Located in La Vall d'Uixó, Castillo d'Uixó is a Site of Cultural Interest. The castle is also known as Castillo de Castro as it was historically connected to Castro, a settlement that no longer exists. The Arabs built the fortress in the 10th century and though it is practically in ruins, you can still imagine what it would have looked like in its heyday.
The castle walls enclosed an area of 540m2 where there were a number of different structures including towers and cisterns. Remains of ceramics have been found here. The castle’s strategic position has been exploited ever since its foundation, playing an important role in the War of Succession, the Carlist Wars and even the Civil War. During the most recent conflict, the fortress was part of the XYZ line serving as a fort and observatory.

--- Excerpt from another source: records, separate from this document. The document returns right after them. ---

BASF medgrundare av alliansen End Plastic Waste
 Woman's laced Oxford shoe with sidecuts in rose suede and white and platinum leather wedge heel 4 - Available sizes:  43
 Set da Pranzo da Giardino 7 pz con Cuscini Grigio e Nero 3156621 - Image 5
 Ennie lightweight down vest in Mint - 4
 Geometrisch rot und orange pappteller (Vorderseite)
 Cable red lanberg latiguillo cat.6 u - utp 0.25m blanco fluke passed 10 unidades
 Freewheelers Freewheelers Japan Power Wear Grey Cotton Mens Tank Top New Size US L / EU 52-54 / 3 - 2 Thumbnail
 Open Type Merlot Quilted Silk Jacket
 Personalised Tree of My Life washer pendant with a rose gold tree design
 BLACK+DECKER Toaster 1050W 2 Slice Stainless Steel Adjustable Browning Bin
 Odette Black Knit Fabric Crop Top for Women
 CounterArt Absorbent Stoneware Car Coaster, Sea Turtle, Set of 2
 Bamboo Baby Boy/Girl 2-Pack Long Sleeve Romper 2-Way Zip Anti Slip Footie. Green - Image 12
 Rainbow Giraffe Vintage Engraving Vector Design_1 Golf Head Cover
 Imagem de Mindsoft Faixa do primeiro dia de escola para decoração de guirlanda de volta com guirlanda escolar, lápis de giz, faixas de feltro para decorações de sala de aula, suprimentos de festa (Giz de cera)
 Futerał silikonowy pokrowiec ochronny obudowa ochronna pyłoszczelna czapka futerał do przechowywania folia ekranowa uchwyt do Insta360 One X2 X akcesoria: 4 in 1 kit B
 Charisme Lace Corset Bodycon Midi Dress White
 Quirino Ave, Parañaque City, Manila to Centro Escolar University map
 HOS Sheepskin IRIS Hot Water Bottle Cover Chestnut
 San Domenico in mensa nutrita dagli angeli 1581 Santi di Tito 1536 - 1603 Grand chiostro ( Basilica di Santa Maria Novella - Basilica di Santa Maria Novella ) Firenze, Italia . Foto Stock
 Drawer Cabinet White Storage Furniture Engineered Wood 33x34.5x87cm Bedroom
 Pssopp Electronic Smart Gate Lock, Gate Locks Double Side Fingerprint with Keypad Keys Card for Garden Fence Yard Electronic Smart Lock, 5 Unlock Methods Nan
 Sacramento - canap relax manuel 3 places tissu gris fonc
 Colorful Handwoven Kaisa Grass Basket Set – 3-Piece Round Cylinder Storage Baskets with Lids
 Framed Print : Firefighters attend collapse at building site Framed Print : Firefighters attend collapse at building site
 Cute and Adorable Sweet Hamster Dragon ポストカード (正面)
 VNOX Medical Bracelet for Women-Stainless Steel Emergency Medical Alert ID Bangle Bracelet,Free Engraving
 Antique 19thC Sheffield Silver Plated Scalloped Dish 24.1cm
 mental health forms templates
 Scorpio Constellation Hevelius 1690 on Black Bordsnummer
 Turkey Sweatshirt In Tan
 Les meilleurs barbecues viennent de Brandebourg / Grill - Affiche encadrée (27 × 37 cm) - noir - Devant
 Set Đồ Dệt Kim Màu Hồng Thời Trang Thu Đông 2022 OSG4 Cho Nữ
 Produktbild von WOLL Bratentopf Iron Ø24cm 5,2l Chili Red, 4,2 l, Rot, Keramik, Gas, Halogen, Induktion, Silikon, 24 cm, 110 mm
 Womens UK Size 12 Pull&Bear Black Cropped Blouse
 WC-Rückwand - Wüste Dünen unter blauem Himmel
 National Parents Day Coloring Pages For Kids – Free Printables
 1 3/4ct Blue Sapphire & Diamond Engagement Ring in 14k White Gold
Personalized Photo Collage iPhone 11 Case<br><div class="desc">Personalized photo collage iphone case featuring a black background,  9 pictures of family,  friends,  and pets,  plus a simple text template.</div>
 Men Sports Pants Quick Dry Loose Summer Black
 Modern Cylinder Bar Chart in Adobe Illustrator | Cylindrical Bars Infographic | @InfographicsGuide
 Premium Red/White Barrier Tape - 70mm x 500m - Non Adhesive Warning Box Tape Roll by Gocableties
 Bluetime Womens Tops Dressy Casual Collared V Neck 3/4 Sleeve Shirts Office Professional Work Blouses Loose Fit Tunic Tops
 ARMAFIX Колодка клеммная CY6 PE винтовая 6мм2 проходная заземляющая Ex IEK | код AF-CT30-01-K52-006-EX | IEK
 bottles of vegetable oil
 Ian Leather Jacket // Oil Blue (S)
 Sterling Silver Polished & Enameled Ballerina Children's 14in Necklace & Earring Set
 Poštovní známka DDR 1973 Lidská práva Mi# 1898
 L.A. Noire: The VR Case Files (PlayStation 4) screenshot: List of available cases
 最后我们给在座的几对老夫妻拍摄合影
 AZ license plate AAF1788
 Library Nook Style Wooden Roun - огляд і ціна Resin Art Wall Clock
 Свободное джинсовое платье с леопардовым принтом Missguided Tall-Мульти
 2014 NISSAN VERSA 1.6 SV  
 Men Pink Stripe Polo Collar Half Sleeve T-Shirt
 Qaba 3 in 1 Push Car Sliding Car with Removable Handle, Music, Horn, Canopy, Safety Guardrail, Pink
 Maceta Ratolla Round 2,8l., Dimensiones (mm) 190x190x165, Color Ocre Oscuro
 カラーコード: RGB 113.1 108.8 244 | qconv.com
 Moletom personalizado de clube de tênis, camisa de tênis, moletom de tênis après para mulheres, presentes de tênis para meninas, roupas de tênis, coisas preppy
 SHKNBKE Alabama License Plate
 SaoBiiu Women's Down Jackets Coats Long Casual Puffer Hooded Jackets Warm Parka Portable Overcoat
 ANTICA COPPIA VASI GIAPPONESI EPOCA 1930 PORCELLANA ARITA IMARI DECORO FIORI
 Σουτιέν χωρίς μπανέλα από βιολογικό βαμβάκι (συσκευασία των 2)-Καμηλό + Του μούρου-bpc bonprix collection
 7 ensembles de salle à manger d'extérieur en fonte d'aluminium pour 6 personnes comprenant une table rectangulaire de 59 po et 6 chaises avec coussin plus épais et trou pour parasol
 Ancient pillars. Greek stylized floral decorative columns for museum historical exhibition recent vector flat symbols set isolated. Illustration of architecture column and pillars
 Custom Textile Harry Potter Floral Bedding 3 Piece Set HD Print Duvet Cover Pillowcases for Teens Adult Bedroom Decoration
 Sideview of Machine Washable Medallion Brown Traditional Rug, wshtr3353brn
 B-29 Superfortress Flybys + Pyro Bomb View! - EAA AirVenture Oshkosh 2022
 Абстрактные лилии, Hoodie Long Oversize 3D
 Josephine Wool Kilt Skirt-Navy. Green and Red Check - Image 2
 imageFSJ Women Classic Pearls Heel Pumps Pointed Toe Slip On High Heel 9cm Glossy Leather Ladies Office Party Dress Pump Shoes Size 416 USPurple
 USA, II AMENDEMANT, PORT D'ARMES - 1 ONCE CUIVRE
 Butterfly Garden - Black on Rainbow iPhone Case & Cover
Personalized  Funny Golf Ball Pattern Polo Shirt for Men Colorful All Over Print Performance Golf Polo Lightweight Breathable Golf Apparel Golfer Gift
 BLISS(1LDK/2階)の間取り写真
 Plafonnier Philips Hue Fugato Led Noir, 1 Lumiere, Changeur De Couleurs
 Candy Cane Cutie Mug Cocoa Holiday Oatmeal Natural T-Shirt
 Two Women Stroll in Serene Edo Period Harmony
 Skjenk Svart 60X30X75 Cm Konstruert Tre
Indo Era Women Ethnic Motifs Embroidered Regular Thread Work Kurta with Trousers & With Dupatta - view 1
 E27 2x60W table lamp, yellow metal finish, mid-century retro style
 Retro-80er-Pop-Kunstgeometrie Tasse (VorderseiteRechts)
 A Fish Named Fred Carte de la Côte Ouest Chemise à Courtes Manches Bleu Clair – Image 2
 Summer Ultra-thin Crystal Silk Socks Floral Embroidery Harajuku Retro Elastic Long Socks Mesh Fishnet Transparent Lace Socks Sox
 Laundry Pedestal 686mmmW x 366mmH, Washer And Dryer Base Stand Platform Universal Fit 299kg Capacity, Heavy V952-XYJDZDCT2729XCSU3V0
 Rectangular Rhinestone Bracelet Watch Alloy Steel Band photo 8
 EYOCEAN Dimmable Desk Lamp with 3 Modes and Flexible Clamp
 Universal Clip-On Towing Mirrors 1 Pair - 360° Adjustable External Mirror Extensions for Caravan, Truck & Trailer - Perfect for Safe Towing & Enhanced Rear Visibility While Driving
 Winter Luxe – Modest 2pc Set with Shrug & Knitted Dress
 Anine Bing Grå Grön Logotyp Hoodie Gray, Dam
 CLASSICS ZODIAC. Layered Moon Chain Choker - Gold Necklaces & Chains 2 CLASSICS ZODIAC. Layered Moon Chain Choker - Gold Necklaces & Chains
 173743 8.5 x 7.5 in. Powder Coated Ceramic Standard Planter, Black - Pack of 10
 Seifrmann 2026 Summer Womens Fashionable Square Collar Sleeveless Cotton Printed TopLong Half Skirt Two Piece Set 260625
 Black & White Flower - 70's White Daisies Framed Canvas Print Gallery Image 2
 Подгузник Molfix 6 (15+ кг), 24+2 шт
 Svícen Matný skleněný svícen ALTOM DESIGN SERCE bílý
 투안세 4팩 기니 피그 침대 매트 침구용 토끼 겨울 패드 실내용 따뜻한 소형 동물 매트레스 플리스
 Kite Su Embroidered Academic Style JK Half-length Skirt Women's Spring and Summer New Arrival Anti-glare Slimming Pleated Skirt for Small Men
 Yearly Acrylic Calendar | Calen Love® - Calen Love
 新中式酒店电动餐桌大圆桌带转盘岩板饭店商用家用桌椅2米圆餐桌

This military castle, dating back to Medieval times, is one of many reasons to come to La Vall d'Uixó, a town that, beyond the wonders of Coves de Sant Josep, has a great deal to offer visitors. We recommend starting your exploration in Sant Josep, a Site of Cultural Interest where you can see the relatively well-conserved remains of a Bronze Age settlement. Once you’ve visited the Coves, you could walk the Camí del Aigua, following the course of what was considered the “mother” irrigation channel. Here you will discover sights such as the Aigualit aqueducts, Benizahat tower, Palau de Vivel and Casa del Conde de Ripalda. Come to La Vall d'Uixó and be transported back in time.